You can then easily share your new features on GitHub, so that your colleagues everywhere 
can try it out for themselves.

## Export to Emdros MQL

[EMDROS](http://emdros.org), written by Ulrik Petersen,
is a text database system with the powerful *topographic* query language MQL.
The ideas are based on a model devised by Christ-Jan Doedens in
[Text Databases: One Database Model and Several Retrieval Languages](https://books.google.nl/books?id=9ggOBRz1dO4C).

Text-Fabric's model of slots, nodes and edges is a fairly straightforward translation of the models of Christ-Jan Doedens and Ulrik Petersen.

[SHEBANQ](https://shebanq.ancient-data.org) uses EMDROS to offer users to execute and save MQL queries against the Hebrew Text Database of the ETCBC.

So it is kind of logical and convenient to be able to work with a Text-Fabric resource through MQL.

If you have obtained an MQL dataset somehow, you can turn it into a text-fabric data set by `importMQL()`,
which we will not show here.

And if you want to export a Text-Fabric data set to MQL, that is also possible.

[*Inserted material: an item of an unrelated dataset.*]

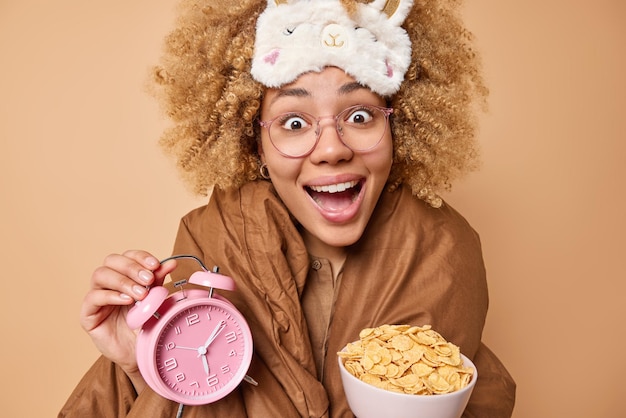 Positive young curly haired woman holds bowl of cereals and alarm clock awakes you for breakfast wears sleepmask wrapped in blanket has good mood isolated over brown background Time to wake up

After the `Fabric(modules=...)` call, you can call `exportMQL()` in order to save all features of the
indicated modules into a big MQL dump, which can be imported by an EMDROS database.

# Clean caches

Text-Fabric pre-computes data for you, so that it can be loaded faster.
If the original data is updated, Text-Fabric detects it, and will recompute that data.

But there are cases, when the algorithms of Text-Fabric have changed, without any changes in the data, that you might
want to clear the cache of precomputed results.

There are two ways to do that:

* Locate the `.tf` directory of your dataset, and remove all `.tfx` files in it.
  This might be a bit awkward to do, because the `.tf` directory is hidden on Unix-like systems.
* Call `TF.clearCache()`, which does exactly the same.

It is not handy to execute the following cell all the time, that's why I have commented it out.
So if you really want to clear the cache, remove the comment sign below.

In [34]:
# TF.clearCache()